# [SOURCE MATERIAL]
◇ ◇ ◇ ◇ ◇ ◇ ◇
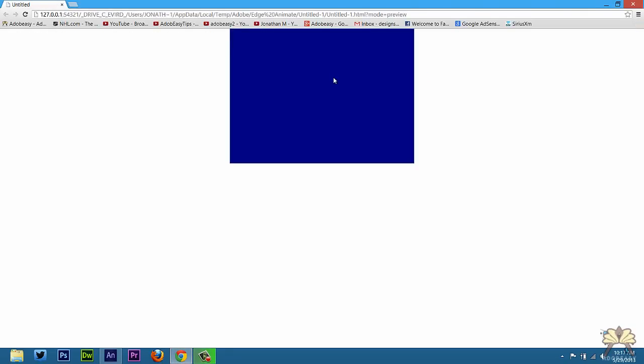And now the preloader is centered. Now this is a quick project so you're not going to see the preloader loading that long. But for a project with a lot of assets this is when you want to use a preloader.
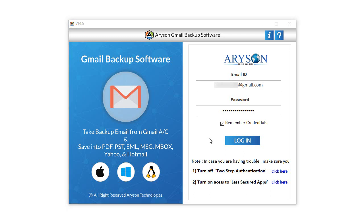Run the Arison Gmail Backup tool. Enter your email and the third-party app password of Gmail on the tool and click on the Login button.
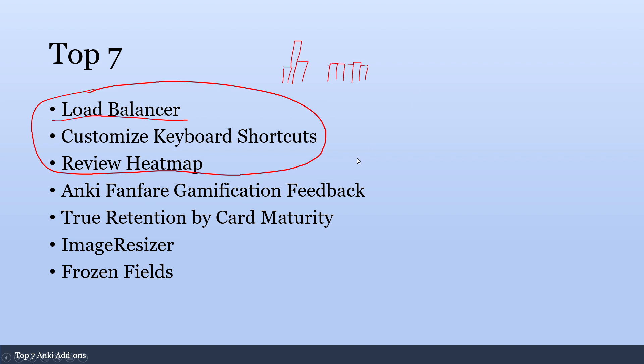The next add-on I want to talk about is this add-on called Customized Keyboard Shortcuts. So normally when you're doing your reviews, you use 1, 2, 3, and 4 as your hotkeys. And then you have the space bar, which you can just hit to advance forward and mark it as good. However, with the Customized Keyboard Shortcuts, you can set something that you can use on the right side of the keyboard. So that way you can use either your left hand with the 1, 2, 3, and 4, or your right hand with J, K, L, and Semicolon.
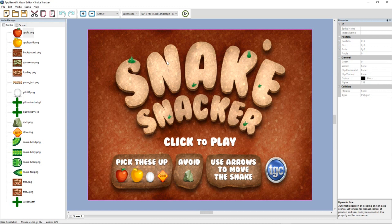So I hope this introduction has helped. If you've got any questions, contact us on the forums. And we'll continue to evolve and improve the visual editor as we move along.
◇ ◇ ◇ ◇ ◇ ◇ ◇
# [YOUR INSTRUCTIONS]
Starting with the first line of the data above, write out each line exactly up to and including the line that holds "Run the Arison". Pictures stay out.

# [SOLUTION FOR THIS EXERCISE]
And now the preloader is centered. Now this is a quick project so you're not going to see the preloader loading that long. But for a project with a lot of assets this is when you want to use a preloader.
Run the Arison Gmail Backup tool. Enter your email and the third-party app password of Gmail on the tool and click on the Login button.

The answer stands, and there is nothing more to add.